## About this task
Quote exactly, and only, the lines of the material below from the line with "Bela Bequeme und elegante Schuhe EB" through the line with "15298 SW 49th".

** Opening Material for this task block **

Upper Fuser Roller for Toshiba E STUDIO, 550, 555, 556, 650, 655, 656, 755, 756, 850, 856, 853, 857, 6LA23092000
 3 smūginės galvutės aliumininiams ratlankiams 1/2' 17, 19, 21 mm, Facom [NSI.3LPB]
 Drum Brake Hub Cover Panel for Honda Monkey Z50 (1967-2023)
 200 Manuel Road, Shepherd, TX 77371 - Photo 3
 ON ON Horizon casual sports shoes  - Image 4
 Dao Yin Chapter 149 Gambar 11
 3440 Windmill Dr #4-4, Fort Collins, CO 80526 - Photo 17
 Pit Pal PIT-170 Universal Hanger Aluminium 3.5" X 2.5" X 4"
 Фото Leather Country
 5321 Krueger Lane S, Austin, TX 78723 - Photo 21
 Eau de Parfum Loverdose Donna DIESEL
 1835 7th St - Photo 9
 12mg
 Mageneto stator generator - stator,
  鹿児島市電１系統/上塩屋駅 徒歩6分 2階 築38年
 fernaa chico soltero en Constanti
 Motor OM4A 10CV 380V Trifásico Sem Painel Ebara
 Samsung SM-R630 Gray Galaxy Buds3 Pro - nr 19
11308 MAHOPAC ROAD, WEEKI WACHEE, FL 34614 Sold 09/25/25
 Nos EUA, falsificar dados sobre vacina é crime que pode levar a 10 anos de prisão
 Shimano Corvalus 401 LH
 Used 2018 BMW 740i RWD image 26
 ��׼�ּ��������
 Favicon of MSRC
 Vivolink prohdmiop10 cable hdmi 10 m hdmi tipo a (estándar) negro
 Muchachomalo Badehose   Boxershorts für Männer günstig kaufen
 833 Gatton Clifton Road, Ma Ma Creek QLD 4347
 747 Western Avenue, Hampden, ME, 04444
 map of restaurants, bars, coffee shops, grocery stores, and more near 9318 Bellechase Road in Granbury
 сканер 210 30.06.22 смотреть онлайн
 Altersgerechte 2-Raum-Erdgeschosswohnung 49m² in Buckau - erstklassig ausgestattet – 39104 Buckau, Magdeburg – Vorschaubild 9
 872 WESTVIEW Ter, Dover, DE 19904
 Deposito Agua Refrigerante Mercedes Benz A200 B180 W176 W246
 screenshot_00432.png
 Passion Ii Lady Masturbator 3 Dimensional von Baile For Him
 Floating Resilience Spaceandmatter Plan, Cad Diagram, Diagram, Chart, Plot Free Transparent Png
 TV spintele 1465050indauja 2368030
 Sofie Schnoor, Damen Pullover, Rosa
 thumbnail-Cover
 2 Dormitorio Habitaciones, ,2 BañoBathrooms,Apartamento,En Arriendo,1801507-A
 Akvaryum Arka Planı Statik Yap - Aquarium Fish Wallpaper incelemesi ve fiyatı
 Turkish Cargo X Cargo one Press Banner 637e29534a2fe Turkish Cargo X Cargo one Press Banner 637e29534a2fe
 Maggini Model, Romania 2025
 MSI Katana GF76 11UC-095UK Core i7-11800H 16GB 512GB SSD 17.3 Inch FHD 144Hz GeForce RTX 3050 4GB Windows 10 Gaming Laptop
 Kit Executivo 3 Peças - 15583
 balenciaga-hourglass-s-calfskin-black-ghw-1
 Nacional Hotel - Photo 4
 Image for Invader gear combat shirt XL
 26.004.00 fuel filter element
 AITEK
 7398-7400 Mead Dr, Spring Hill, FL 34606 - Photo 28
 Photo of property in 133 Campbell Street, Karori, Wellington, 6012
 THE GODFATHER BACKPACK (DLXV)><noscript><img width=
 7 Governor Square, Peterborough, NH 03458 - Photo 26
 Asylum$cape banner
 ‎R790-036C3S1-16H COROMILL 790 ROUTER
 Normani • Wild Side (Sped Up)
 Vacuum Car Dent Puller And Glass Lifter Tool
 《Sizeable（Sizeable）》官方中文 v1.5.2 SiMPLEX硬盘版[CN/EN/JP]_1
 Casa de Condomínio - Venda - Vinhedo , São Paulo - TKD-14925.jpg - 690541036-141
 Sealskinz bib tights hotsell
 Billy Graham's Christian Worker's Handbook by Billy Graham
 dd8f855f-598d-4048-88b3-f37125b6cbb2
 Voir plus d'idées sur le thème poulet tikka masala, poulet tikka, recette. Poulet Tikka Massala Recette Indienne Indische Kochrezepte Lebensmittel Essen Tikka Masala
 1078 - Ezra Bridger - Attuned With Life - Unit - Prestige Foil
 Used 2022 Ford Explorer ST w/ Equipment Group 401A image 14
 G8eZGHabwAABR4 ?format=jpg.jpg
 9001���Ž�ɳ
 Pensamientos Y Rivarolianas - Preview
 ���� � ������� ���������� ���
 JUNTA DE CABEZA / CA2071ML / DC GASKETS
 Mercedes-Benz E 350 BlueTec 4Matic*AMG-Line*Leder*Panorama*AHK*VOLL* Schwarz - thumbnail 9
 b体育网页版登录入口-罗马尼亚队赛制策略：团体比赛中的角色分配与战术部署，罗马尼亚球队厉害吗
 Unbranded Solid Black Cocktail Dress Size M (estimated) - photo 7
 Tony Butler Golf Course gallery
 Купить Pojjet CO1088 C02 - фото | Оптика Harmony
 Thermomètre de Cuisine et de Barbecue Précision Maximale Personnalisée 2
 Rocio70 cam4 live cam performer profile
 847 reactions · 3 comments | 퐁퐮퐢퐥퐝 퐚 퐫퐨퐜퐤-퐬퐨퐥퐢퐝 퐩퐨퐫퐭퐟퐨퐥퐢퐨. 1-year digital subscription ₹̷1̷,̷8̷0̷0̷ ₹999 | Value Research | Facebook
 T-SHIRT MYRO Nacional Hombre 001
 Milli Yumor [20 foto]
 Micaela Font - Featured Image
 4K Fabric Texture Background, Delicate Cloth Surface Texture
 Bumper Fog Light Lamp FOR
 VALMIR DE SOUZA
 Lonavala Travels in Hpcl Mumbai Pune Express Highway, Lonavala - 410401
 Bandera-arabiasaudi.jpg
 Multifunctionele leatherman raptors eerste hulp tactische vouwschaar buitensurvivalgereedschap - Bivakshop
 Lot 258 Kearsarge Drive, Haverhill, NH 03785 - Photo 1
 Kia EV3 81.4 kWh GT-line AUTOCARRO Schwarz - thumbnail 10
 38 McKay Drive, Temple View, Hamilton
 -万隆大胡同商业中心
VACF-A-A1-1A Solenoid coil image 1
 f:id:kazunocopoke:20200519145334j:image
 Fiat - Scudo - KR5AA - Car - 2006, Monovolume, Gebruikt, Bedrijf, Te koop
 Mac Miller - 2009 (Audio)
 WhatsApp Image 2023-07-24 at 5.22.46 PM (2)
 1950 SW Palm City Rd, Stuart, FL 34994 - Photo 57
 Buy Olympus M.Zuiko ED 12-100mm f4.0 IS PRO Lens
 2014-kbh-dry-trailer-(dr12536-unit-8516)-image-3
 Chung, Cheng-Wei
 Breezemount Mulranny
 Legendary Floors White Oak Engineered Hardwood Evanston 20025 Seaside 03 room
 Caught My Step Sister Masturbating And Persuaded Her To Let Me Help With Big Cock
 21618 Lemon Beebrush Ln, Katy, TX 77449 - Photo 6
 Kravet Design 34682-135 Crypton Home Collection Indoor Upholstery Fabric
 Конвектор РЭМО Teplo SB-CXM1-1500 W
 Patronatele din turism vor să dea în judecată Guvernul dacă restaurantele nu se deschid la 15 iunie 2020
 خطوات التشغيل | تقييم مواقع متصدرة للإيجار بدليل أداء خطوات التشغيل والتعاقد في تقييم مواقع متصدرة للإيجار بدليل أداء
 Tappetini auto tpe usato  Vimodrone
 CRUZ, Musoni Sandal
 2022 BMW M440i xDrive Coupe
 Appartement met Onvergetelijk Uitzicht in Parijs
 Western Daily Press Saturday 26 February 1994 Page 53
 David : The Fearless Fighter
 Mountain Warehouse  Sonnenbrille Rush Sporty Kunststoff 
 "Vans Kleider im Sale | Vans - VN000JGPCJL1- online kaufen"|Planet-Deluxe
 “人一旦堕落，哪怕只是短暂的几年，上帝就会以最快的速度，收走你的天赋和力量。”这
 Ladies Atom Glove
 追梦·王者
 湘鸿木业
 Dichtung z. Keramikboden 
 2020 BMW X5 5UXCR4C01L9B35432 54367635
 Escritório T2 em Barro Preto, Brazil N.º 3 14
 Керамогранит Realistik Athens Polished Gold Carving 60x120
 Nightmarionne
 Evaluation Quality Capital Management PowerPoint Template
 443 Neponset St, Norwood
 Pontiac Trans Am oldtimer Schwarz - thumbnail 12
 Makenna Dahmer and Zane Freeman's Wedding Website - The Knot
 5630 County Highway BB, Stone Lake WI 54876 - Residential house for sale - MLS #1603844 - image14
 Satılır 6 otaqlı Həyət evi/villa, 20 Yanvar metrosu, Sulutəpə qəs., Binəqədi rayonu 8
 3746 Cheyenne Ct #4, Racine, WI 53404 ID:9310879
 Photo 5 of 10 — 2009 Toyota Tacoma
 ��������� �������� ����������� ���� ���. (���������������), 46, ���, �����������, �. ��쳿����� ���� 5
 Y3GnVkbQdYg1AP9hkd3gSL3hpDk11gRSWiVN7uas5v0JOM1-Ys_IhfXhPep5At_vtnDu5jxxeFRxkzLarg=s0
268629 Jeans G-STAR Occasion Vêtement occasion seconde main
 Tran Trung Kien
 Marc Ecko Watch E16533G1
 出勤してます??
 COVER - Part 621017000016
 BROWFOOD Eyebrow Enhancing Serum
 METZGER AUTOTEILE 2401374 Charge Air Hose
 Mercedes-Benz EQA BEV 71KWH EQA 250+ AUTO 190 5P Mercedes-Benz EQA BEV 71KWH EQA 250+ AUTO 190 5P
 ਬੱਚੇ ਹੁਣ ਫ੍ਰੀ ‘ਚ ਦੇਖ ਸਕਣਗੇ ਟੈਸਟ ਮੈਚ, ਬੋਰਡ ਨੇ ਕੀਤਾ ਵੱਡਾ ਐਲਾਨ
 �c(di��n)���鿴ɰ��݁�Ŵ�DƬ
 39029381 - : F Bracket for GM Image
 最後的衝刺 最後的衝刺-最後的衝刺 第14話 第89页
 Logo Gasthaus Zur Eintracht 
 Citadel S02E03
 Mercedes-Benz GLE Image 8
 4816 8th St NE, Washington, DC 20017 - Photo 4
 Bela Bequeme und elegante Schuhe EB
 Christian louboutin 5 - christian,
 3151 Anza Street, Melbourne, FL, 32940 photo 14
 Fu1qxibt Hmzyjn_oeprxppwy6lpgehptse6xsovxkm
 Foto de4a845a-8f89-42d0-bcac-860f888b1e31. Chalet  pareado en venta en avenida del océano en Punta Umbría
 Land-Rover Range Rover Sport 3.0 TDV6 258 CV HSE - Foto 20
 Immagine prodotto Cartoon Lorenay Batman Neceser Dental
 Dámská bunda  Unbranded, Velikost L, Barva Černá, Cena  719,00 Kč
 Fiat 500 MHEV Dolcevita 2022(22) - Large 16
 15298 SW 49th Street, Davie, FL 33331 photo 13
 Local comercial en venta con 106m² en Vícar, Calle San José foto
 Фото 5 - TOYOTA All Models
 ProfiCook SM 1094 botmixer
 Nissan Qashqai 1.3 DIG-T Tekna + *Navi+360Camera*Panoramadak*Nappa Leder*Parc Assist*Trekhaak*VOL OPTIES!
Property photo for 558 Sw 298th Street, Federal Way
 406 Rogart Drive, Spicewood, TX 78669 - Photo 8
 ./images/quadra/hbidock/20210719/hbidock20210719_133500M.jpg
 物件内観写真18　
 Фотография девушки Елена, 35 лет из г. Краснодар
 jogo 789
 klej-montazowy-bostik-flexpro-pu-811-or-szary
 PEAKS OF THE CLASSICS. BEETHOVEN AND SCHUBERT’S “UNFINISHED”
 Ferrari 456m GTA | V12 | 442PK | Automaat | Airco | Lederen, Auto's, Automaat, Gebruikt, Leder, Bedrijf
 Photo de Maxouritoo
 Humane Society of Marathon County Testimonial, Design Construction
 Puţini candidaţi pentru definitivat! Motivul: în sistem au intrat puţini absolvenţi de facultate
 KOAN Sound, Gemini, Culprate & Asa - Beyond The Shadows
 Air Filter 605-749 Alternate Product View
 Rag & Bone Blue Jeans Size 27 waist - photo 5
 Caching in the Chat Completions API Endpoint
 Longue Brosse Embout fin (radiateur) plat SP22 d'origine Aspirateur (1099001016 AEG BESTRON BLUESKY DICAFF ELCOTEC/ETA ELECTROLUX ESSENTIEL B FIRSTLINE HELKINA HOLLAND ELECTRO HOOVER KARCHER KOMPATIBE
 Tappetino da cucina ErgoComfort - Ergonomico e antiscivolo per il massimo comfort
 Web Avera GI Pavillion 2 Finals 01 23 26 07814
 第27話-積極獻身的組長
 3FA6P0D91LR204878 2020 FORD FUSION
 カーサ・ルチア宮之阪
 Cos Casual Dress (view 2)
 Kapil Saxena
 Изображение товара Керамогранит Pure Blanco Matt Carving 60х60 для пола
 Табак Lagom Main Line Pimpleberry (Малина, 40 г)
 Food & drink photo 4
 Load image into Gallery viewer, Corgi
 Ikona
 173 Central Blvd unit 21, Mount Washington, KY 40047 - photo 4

** Closing Material for this task block **

## Output for this task
 Bela Bequeme und elegante Schuhe EB
 Christian louboutin 5 - christian,
 3151 Anza Street, Melbourne, FL, 32940 photo 14
 Fu1qxibt Hmzyjn_oeprxppwy6lpgehptse6xsovxkm
 Foto de4a845a-8f89-42d0-bcac-860f888b1e31. Chalet  pareado en venta en avenida del océano en Punta Umbría
 Land-Rover Range Rover Sport 3.0 TDV6 258 CV HSE - Foto 20
 Immagine prodotto Cartoon Lorenay Batman Neceser Dental
 Dámská bunda  Unbranded, Velikost L, Barva Černá, Cena  719,00 Kč
 Fiat 500 MHEV Dolcevita 2022(22) - Large 16
 15298 SW 49th Street, Davie, FL 33331 photo 13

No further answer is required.